September 15, 2020 – Here are some important links which expand the understanding of Archbishop Cordileone’s decision for the Eucharistic processions (see above):
We will devote this column to a review of the Democrat and Republican party platforms as they pertain to those issue which directly impact the ability of a Catholic to practice his/her faith both privately and in the public square with an emphasis on the issues regarding the protection of human life.
(Democratic platform) “Democrats are committed to protecting and advancing reproductive health rights, and justice. We believe unequivocally…that every woman should be able to access high-quality reproductive health care services, including safe and legal abortion. We will repeal the Title X domestic gag rule and restore federal funding for Planned Parenthood….”
(Republican platform) “We call for a permanent ban on federal funding and subsidies for abortion and healthcare plans that include abortion coverage.”

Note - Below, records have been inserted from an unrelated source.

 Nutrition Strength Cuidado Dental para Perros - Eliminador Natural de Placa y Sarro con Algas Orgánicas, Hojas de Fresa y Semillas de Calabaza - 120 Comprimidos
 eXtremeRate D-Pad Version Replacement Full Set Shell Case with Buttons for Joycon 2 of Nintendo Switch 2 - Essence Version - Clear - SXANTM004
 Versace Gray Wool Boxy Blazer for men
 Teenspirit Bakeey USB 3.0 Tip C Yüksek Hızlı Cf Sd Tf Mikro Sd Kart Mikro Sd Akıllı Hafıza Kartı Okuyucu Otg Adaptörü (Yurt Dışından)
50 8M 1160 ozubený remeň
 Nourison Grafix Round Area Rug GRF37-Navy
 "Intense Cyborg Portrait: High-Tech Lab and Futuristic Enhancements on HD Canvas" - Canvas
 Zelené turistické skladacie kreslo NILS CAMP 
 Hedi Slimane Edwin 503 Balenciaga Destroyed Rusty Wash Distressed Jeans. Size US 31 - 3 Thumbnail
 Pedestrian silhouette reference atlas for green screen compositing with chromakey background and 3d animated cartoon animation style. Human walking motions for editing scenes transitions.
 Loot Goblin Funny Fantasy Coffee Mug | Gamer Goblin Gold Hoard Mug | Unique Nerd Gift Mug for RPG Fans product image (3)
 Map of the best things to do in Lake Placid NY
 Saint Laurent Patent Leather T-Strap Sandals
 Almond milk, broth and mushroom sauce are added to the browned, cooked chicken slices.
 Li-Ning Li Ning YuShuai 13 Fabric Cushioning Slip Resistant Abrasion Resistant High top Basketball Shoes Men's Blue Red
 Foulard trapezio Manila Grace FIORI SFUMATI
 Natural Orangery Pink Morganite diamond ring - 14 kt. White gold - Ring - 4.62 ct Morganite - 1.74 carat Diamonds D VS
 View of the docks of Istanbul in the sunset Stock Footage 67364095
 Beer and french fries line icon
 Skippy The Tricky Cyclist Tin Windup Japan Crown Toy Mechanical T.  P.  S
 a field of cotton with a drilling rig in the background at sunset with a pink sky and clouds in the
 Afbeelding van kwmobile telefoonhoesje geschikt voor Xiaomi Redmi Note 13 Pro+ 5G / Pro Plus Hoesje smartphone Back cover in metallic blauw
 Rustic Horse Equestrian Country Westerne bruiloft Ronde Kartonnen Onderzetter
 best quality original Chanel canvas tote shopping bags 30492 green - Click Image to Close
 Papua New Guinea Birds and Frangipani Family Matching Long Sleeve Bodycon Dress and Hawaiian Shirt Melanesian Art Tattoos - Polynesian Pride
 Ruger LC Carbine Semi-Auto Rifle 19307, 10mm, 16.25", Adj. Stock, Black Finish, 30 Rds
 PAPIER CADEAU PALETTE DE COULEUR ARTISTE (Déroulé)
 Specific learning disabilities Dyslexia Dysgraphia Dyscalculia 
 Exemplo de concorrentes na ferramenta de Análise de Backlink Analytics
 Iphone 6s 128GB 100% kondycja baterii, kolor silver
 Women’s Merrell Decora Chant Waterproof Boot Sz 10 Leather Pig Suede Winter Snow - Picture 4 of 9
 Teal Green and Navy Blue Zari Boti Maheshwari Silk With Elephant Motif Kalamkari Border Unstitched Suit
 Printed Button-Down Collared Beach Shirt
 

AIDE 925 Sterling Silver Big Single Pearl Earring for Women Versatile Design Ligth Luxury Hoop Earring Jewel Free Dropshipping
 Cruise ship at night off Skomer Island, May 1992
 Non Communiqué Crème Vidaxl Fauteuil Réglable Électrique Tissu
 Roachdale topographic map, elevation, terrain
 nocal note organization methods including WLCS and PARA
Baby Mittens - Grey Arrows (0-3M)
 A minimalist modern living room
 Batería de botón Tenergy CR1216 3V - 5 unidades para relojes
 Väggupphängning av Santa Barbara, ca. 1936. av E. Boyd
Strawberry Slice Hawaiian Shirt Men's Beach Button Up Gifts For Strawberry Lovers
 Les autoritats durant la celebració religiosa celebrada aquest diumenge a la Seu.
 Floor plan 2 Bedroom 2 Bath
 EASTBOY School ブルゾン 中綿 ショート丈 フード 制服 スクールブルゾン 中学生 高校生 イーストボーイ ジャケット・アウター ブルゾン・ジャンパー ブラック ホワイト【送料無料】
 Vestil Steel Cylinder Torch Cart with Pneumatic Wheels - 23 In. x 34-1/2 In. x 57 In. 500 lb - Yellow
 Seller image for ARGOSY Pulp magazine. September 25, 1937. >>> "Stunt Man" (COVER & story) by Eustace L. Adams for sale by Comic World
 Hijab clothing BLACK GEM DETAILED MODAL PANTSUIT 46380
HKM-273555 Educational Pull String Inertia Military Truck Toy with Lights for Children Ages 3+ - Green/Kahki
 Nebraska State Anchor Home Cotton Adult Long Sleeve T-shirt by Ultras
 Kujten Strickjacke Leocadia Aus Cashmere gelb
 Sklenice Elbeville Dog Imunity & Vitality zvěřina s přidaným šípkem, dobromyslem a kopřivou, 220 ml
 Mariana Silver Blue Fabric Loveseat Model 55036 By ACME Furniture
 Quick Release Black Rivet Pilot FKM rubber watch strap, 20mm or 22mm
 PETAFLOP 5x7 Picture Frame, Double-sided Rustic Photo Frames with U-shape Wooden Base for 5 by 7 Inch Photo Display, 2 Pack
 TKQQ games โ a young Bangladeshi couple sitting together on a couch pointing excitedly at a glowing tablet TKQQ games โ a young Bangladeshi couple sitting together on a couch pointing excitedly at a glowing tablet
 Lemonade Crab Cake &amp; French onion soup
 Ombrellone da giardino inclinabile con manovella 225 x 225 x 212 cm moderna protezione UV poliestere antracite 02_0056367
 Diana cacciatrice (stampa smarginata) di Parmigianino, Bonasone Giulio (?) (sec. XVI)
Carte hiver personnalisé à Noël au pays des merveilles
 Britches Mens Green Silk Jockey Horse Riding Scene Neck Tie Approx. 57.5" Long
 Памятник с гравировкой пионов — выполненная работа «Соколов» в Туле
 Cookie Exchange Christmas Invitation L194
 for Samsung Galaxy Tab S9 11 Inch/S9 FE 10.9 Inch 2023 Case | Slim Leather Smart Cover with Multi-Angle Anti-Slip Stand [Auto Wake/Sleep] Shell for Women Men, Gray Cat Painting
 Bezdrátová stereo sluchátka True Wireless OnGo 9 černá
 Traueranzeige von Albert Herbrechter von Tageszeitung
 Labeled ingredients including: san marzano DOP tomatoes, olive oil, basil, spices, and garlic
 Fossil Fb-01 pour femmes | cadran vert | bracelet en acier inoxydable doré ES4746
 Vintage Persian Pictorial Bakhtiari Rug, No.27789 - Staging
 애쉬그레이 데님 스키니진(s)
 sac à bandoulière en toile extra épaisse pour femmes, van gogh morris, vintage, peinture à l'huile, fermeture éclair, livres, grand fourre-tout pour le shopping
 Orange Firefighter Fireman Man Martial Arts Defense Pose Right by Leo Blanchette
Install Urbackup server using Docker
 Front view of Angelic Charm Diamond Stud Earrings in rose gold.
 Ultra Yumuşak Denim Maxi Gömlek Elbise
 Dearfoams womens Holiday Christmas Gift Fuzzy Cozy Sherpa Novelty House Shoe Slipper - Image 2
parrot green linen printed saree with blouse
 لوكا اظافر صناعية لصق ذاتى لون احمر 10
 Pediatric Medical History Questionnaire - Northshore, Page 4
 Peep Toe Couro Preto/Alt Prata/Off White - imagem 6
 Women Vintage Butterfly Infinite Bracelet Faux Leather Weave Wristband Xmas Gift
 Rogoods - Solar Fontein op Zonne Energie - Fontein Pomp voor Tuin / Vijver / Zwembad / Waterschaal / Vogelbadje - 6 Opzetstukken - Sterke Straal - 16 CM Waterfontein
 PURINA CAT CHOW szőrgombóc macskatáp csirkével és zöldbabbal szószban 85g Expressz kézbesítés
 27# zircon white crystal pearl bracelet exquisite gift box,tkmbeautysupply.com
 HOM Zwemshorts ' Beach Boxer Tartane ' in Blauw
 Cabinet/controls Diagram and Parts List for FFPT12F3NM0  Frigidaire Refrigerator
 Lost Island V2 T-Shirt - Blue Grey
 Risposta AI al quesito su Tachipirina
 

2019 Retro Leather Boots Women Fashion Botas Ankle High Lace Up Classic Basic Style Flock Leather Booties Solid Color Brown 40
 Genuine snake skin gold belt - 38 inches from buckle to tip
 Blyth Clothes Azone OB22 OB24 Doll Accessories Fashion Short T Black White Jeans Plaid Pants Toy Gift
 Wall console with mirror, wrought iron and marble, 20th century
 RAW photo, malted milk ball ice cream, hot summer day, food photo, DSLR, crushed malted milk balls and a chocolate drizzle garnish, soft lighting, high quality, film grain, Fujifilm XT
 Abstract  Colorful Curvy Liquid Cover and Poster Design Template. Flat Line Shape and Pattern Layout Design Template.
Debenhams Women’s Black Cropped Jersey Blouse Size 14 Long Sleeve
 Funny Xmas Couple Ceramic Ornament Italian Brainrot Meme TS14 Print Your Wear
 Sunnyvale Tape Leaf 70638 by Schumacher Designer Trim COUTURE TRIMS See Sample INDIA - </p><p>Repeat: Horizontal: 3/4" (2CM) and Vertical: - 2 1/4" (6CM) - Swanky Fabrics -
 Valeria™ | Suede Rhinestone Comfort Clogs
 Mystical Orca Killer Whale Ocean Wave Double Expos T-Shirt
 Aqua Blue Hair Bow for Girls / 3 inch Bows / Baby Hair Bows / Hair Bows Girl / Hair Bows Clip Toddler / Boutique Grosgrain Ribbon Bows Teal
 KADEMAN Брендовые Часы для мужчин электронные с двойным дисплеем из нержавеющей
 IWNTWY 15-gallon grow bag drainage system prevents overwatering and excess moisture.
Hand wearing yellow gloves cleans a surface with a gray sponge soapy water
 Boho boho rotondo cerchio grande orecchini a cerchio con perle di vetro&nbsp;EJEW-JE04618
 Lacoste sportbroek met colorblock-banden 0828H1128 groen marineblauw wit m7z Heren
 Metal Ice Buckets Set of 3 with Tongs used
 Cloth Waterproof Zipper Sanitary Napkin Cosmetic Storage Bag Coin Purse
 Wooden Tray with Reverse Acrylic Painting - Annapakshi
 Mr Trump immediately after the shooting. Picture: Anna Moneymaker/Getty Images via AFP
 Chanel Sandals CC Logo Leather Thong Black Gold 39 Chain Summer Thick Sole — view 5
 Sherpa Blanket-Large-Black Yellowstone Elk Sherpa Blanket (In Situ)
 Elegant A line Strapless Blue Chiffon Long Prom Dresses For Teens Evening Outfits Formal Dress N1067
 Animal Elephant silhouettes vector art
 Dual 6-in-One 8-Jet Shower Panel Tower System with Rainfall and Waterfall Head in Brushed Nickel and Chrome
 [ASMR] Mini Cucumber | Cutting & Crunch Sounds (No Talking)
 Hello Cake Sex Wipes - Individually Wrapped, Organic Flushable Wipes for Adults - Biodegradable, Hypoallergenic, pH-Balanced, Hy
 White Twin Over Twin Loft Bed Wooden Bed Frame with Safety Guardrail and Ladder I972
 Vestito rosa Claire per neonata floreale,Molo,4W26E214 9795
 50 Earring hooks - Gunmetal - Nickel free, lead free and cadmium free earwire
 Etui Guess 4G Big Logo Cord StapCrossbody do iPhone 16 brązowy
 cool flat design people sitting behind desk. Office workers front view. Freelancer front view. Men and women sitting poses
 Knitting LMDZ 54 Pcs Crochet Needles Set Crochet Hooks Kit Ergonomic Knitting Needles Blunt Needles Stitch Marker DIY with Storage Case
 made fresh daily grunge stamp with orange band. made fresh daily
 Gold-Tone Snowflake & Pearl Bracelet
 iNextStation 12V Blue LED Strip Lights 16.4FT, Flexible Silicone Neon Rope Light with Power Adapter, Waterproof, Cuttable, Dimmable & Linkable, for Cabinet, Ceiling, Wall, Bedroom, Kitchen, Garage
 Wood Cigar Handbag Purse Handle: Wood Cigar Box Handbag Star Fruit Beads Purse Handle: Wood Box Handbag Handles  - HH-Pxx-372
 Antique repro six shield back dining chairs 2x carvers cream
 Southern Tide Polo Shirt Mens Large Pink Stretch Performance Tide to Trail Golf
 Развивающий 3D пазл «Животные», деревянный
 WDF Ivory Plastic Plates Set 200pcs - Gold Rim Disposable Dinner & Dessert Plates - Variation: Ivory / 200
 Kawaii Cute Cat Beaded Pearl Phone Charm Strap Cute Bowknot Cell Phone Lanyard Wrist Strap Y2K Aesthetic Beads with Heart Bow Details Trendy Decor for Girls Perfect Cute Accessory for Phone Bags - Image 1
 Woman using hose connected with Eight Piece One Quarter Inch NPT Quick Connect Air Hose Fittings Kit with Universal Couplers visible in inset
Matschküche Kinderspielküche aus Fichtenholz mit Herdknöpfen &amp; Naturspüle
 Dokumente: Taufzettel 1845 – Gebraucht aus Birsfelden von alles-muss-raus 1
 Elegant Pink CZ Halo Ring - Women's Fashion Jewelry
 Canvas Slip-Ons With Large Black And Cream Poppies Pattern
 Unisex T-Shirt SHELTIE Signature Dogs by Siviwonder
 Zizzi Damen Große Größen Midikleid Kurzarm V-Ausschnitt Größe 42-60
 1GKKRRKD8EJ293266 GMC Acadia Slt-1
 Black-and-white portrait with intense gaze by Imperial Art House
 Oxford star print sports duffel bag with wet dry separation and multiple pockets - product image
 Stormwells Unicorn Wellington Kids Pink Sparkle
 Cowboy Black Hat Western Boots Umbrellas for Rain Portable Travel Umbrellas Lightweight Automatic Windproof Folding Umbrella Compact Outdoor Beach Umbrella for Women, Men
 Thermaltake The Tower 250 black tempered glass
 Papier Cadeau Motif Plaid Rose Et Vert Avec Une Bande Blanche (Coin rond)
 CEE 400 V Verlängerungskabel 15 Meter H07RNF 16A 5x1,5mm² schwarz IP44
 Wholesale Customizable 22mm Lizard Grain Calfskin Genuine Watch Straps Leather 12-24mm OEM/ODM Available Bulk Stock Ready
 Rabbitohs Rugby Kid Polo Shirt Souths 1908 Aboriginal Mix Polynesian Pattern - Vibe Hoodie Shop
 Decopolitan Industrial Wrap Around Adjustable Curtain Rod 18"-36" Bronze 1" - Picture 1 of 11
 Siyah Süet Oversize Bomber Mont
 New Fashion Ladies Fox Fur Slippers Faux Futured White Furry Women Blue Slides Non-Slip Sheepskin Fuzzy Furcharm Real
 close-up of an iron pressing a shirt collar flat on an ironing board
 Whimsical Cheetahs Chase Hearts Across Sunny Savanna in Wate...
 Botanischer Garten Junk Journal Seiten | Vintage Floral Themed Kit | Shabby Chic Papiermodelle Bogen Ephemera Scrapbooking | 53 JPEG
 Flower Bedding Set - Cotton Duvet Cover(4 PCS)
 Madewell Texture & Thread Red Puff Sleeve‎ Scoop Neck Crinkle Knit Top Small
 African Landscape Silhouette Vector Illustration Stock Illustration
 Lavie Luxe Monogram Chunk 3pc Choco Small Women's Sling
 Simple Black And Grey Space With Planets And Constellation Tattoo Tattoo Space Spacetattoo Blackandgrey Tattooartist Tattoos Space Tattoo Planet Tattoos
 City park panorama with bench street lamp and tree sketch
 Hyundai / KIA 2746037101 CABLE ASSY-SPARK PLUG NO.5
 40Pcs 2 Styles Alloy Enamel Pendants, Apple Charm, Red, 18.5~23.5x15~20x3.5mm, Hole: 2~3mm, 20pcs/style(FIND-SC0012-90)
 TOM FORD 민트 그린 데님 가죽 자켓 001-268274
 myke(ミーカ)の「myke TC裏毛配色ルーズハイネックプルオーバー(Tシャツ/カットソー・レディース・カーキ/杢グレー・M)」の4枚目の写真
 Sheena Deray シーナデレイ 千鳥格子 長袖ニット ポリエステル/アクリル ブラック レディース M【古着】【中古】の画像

(Comment) “Reproductive health rights” mean creating a universal right for access to contraceptives, sterilization for reproduction purposes, and both surgical and chemical abortions through all stages of a pregnancy. It was the inclusion of this in the Affordable Care Act that the Little Sisters of the Poor fought against and won twice at the Supreme Court. It was the requirement that this provision be provided in faith-based business health insurance plans that Hobby Lobby successfully appealed at the Supreme Court.
Hyde Amendment’s prohibition to federal funding of abortions:
(Democratic platform) “Democrats oppose and will fight to overturn federal and state laws that create barriers to reproductive health and rights. We will repeal the Hyde Amendment, and protect and codify the right to reproductive freedom.”
(Republican platform) “American taxpayers should not be forced to fund abortion.” …[W]e call for codification of the Hyde Amendment and its application across the government, including Obamacare.”
(Comment) The Hyde Amendment was created in 1976. It bars federal funds to be used for abortion services. This Amendment has been embedded in all the appropriate funding bills year after year. The Affordable Care Act bypassed the Amendment by requiring that the insurers provide funds for abortion services.
Conscience clauses for healthcare providers and requirement that religious hospitals perform abortions, transgender surgeries, etc.:
(Democratic platform) “We will address the discrimination and barriers that inhibit meaningful access to reproductive health care services, including those based on gender, sexual orientation, gender identity…and other factors. Democrats oppose restrictions on medication abortions are that is inconsistent with the most recent medical and scientific evidence and that do not protect public health.”
(Republican platform) “America’s healthcare professionals should not be forced to choose between following their faith and practicing their profession. We respect the rights of conscience of healthcare professionals, doctors, nurses, pharmacists, and organizations, especially the faith-based groups which provide a major portion of care for the nation and the needy. We support the ability of all organizations to provide, purchase, and enroll in healthcare coverage consistent with their religious, moral, or ethical convictions without discrimination or penalty.”
This clause is directed at religious hospitals and medical centers that will not provide services which are contrary to their beliefs and at medical personnel who will not provide services that are contrary to their deeply heald religious convictions. Specifically, there have been lawsuits filed against Catholic hospitals that will not provide transgender-related surgeries.